◆ What is expected
With the pictures omitted, repeat exactly the lines below starting with the line that has "八大工程细部施工工艺标准做法,150余张照片_86" and going on through the line that has "كابل VGA بطول".

◆ Extracted records
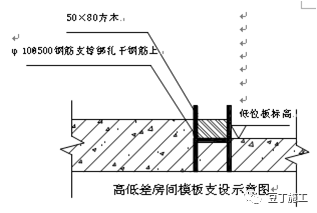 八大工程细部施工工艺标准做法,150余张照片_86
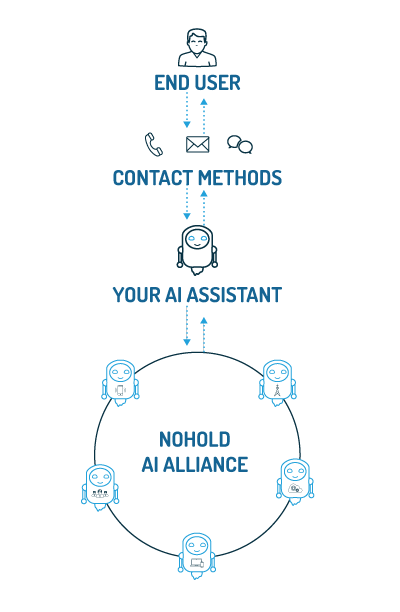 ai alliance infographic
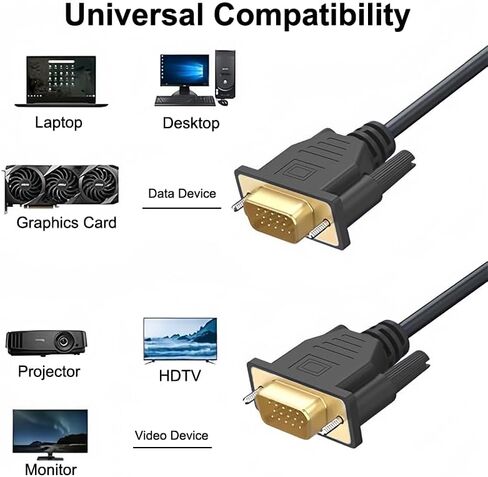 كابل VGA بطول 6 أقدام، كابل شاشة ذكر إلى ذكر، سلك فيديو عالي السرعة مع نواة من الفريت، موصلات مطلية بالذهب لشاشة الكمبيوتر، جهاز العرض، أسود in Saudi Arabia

* * *

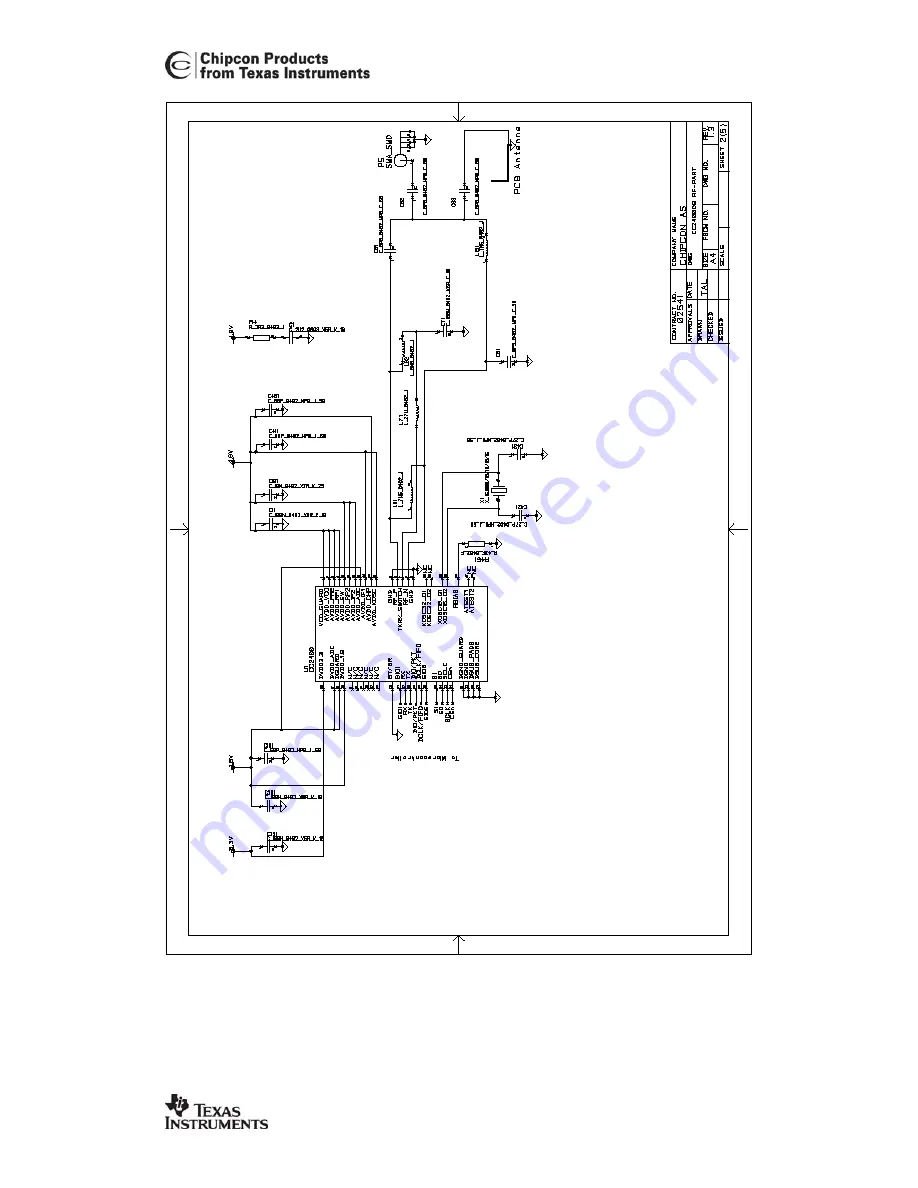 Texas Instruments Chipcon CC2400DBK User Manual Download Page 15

◆ Response
 八大工程细部施工工艺标准做法,150余张照片_86
 ai alliance infographic
 كابل VGA بطول 6 أقدام، كابل شاشة ذكر إلى ذكر، سلك فيديو عالي السرعة مع نواة من الفريت، موصلات مطلية بالذهب لشاشة الكمبيوتر، جهاز العرض، أسود in Saudi Arabia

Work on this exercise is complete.